To accompany the wine which was poured into average sized glasses I chose medium rare sirloin steak and my husband chose home-made Cumberland sausages. This restaurant is known for breeding rare species of pigs and cows so consequently everything that is served on your plate is made and cooked from the homestead. The sausages have a reputation throughout Cumbria of being the best in the county and are sold on all farmers markets. The proprieters also deal with other local providers of game and fish so you can be reassured that everything is fresh and tasty.

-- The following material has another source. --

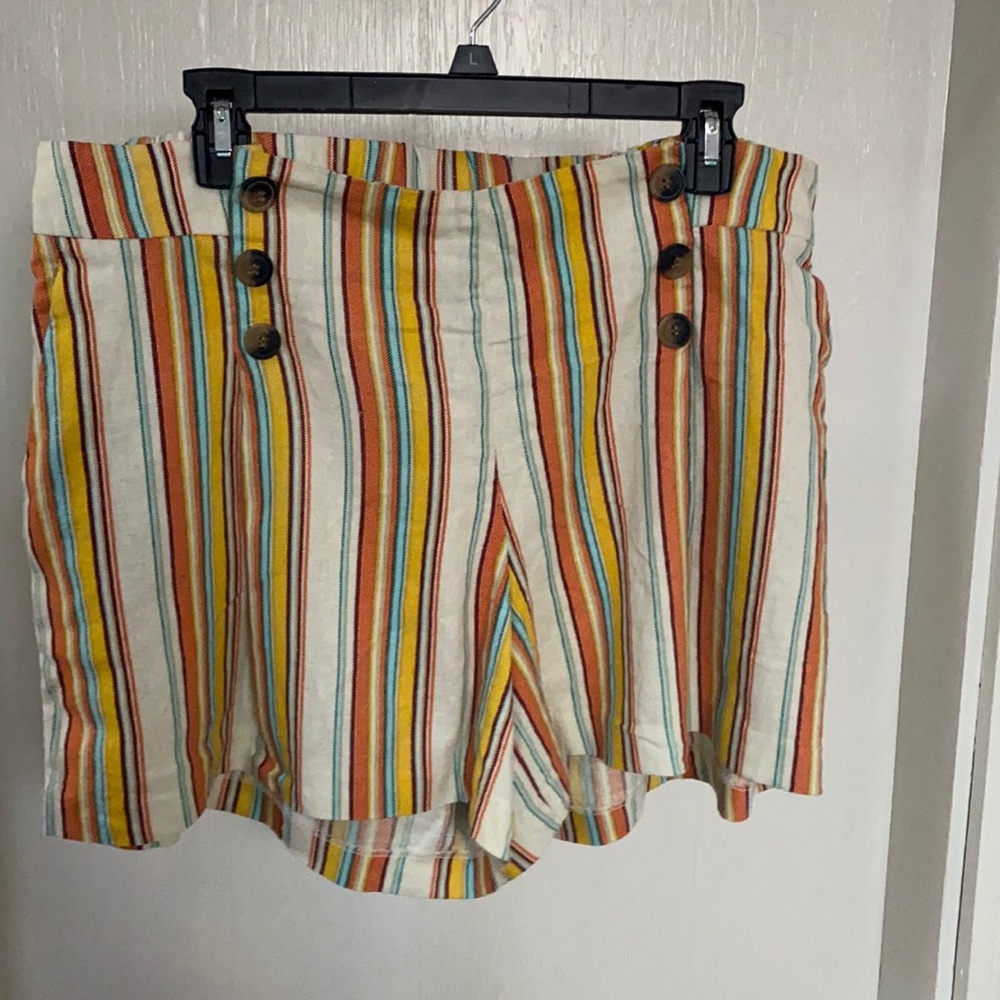 Pull on shorts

So what did the sausage taste like - delicious so my husband said. It was absolutely huge sizzling away in a bed of onion gravy served with a dollop of smooth creamy mashed potatoes and a side serving of fresh vegetables of the day which were honey glazed carrots and broccolli. The potatoes were delicate and fluffy and melted on the tip of your tongue. All the vegetables were cooked to perfection, just slightly crispy which is how we like them. Of course my husband had to cover his delicious sausage with French mustard which he always does. This isn't a reflection on the taste just his quirkiness and flat taste buds.
What about my steak. Hmm! This is where I dipped. It took ages to arrive and I had to ask several times if the steak was cooked yet. How long does it take to cook a steak? My husband had already been given his meal and he was eating it as slowly as he could. He certainly didn't get indigestion this night. Eventually the steak arived with gushing sentiment and as I was in a very jovial mood due to the wonderful red wine I ate my meal graciously. To accompany my overcooked steak which I could hardly cut I had a dish of over cooked chips and a bowl of fresh salad. I think you can see where this is going - yes I was disappointed. The steak was not medium rare - more like well done and it was cold. I ate most of it and when the waiter asked me if it was okay I had to tell him that I was a little disappointed. He apologised profusely and said it was because they were overbooked and a staff shortage. I didn't rant because I have worked in a restaurant and I know how it goes and sometimes these things happen. I was disappointed but I'll just put it down to experience. I should have chosen the Tarragon Chicken. The Cumberland sausage which gets 10/10 was priced at £8.45 and my sirloin steak was £11. Other meals on the main menu were dishes like Tarragon Chicken, Lamb Shank, Cumberland Dux (which are faggots), Solway Salmon Steak and Pigeon Chasseur. Prices range from £7.45 to £10.25.
All desserts are homemade and change from day to day and they cost £3.95. We never rarely eat desserts so I can't comment.
Tea, Herbal tea, coffee and liquer coffees are available - from £1.50 to £3.10 for liquer coffees.
So overall, a little disappointed with the main meal but the atmosphere inside the restaurant was very cheery and I did get the chance to practice my French. The visitors were French Canadians visiting the area so that was nice. Also after travelling around Bulgaria and Slovakia a lot it was such a pleasant experience to come back to the UK and not to have to share a restaurant with smokers. The building and the views are stunning and in my view, this is the selling point of this bar and restaurant.
If you are ever in the vicinity of Brampton then I recommend you take the road out of Brampton to Longtown (A6071). Follow the road until you come to a small bridge with trafffic lights. After crossing the bridge for about 100yards turn right and the Centurion is on your right. A great pub with a country atmosphere and panoramic views.